Task data
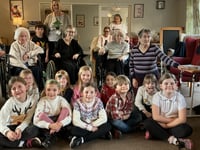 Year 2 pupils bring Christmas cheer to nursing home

--

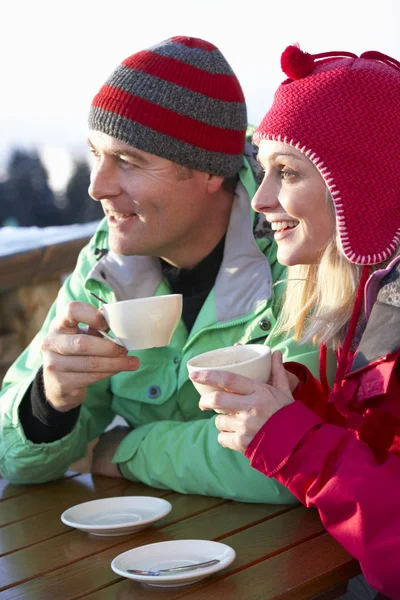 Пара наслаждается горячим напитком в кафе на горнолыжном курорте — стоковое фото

==

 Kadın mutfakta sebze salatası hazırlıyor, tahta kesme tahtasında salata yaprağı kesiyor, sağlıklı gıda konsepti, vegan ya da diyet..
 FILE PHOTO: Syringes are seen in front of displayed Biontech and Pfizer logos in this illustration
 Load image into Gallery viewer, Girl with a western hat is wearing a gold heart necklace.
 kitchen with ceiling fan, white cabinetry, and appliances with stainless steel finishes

Task directions
When a line in the listing above holds the word "with", copy it.

Output of the task
 Load image into Gallery viewer, Girl with a western hat is wearing a gold heart necklace.
 kitchen with ceiling fan, white cabinetry, and appliances with stainless steel finishes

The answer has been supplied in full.